**TASK DIRECTIONS:**
An identical copy of the records below is the expected result.

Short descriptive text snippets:
= = = = =

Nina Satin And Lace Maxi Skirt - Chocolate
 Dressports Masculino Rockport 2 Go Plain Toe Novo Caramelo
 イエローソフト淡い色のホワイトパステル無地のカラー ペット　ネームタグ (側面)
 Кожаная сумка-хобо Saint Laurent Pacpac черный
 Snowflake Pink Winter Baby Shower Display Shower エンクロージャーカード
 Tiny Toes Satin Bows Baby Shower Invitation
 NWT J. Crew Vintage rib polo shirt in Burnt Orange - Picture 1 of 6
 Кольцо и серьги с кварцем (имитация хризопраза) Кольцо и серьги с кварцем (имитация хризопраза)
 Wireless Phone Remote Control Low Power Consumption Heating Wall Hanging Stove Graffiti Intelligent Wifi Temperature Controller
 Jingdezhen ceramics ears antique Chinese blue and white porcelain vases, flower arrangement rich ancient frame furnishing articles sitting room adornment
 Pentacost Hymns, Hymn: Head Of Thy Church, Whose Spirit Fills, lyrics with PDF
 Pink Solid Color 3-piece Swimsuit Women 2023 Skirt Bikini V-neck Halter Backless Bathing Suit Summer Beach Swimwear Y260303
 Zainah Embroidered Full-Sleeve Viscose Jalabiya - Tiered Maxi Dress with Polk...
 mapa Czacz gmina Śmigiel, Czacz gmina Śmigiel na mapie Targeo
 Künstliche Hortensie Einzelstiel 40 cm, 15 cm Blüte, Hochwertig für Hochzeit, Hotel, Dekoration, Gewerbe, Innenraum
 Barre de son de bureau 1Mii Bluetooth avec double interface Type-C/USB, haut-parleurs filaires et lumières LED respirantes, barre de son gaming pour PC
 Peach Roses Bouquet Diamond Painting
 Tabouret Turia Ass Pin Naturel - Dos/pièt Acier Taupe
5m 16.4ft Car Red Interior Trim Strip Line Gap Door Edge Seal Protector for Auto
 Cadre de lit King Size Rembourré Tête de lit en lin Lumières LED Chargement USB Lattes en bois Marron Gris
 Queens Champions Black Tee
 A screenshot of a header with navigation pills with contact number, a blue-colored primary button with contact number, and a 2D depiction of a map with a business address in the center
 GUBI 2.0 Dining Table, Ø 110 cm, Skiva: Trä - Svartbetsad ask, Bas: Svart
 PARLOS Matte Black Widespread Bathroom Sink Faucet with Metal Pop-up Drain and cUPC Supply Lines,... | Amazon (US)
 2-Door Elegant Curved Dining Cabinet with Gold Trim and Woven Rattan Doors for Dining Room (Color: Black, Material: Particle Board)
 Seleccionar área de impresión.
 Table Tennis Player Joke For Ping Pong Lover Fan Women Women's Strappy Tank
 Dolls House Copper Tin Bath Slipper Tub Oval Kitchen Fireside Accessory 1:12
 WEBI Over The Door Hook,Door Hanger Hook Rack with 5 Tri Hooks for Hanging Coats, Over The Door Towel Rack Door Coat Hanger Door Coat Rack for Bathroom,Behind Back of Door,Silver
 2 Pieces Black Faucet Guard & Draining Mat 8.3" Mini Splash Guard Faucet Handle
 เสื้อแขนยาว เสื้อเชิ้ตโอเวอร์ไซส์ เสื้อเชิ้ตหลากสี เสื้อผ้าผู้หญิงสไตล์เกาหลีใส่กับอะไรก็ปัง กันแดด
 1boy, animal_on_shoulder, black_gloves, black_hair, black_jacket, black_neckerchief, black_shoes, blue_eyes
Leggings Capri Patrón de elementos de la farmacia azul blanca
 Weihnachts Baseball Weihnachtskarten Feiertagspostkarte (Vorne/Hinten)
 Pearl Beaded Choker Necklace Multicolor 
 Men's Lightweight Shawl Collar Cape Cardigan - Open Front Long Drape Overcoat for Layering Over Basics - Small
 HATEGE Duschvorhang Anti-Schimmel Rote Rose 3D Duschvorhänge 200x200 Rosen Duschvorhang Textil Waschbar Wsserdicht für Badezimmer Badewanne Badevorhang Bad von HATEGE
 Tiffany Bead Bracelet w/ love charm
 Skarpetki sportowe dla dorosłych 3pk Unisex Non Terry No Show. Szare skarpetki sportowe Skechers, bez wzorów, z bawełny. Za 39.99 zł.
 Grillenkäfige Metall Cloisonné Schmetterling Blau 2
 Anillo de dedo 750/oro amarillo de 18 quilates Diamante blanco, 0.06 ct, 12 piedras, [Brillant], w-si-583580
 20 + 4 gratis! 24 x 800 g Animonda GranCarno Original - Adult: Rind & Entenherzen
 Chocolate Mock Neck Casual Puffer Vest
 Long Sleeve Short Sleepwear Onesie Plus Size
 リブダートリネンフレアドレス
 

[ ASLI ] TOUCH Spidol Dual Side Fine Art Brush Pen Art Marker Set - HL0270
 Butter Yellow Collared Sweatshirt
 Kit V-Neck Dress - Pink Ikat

= = = = =

**FINISHED TASK:**
Nina Satin And Lace Maxi Skirt - Chocolate
 Dressports Masculino Rockport 2 Go Plain Toe Novo Caramelo
 イエローソフト淡い色のホワイトパステル無地のカラー ペット　ネームタグ (側面)
 Кожаная сумка-хобо Saint Laurent Pacpac черный
 Snowflake Pink Winter Baby Shower Display Shower エンクロージャーカード
 Tiny Toes Satin Bows Baby Shower Invitation
 NWT J. Crew Vintage rib polo shirt in Burnt Orange - Picture 1 of 6
 Кольцо и серьги с кварцем (имитация хризопраза) Кольцо и серьги с кварцем (имитация хризопраза)
 Wireless Phone Remote Control Low Power Consumption Heating Wall Hanging Stove Graffiti Intelligent Wifi Temperature Controller
 Jingdezhen ceramics ears antique Chinese blue and white porcelain vases, flower arrangement rich ancient frame furnishing articles sitting room adornment
 Pentacost Hymns, Hymn: Head Of Thy Church, Whose Spirit Fills, lyrics with PDF
 Pink Solid Color 3-piece Swimsuit Women 2023 Skirt Bikini V-neck Halter Backless Bathing Suit Summer Beach Swimwear Y260303
 Zainah Embroidered Full-Sleeve Viscose Jalabiya - Tiered Maxi Dress with Polk...
 mapa Czacz gmina Śmigiel, Czacz gmina Śmigiel na mapie Targeo
 Künstliche Hortensie Einzelstiel 40 cm, 15 cm Blüte, Hochwertig für Hochzeit, Hotel, Dekoration, Gewerbe, Innenraum
 Barre de son de bureau 1Mii Bluetooth avec double interface Type-C/USB, haut-parleurs filaires et lumières LED respirantes, barre de son gaming pour PC
 Peach Roses Bouquet Diamond Painting
 Tabouret Turia Ass Pin Naturel - Dos/pièt Acier Taupe
5m 16.4ft Car Red Interior Trim Strip Line Gap Door Edge Seal Protector for Auto
 Cadre de lit King Size Rembourré Tête de lit en lin Lumières LED Chargement USB Lattes en bois Marron Gris
 Queens Champions Black Tee
 A screenshot of a header with navigation pills with contact number, a blue-colored primary button with contact number, and a 2D depiction of a map with a business address in the center
 GUBI 2.0 Dining Table, Ø 110 cm, Skiva: Trä - Svartbetsad ask, Bas: Svart
 PARLOS Matte Black Widespread Bathroom Sink Faucet with Metal Pop-up Drain and cUPC Supply Lines,... | Amazon (US)
 2-Door Elegant Curved Dining Cabinet with Gold Trim and Woven Rattan Doors for Dining Room (Color: Black, Material: Particle Board)
 Seleccionar área de impresión.
 Table Tennis Player Joke For Ping Pong Lover Fan Women Women's Strappy Tank
 Dolls House Copper Tin Bath Slipper Tub Oval Kitchen Fireside Accessory 1:12
 WEBI Over The Door Hook,Door Hanger Hook Rack with 5 Tri Hooks for Hanging Coats, Over The Door Towel Rack Door Coat Hanger Door Coat Rack for Bathroom,Behind Back of Door,Silver
 2 Pieces Black Faucet Guard & Draining Mat 8.3" Mini Splash Guard Faucet Handle
 เสื้อแขนยาว เสื้อเชิ้ตโอเวอร์ไซส์ เสื้อเชิ้ตหลากสี เสื้อผ้าผู้หญิงสไตล์เกาหลีใส่กับอะไรก็ปัง กันแดด
 1boy, animal_on_shoulder, black_gloves, black_hair, black_jacket, black_neckerchief, black_shoes, blue_eyes
Leggings Capri Patrón de elementos de la farmacia azul blanca
 Weihnachts Baseball Weihnachtskarten Feiertagspostkarte (Vorne/Hinten)
 Pearl Beaded Choker Necklace Multicolor 
 Men's Lightweight Shawl Collar Cape Cardigan - Open Front Long Drape Overcoat for Layering Over Basics - Small
 HATEGE Duschvorhang Anti-Schimmel Rote Rose 3D Duschvorhänge 200x200 Rosen Duschvorhang Textil Waschbar Wsserdicht für Badezimmer Badewanne Badevorhang Bad von HATEGE
 Tiffany Bead Bracelet w/ love charm
 Skarpetki sportowe dla dorosłych 3pk Unisex Non Terry No Show. Szare skarpetki sportowe Skechers, bez wzorów, z bawełny. Za 39.99 zł.
 Grillenkäfige Metall Cloisonné Schmetterling Blau 2
 Anillo de dedo 750/oro amarillo de 18 quilates Diamante blanco, 0.06 ct, 12 piedras, [Brillant], w-si-583580
 20 + 4 gratis! 24 x 800 g Animonda GranCarno Original - Adult: Rind & Entenherzen
 Chocolate Mock Neck Casual Puffer Vest
 Long Sleeve Short Sleepwear Onesie Plus Size
 リブダートリネンフレアドレス
 

[ ASLI ] TOUCH Spidol Dual Side Fine Art Brush Pen Art Marker Set - HL0270
 Butter Yellow Collared Sweatshirt
 Kit V-Neck Dress - Pink Ikat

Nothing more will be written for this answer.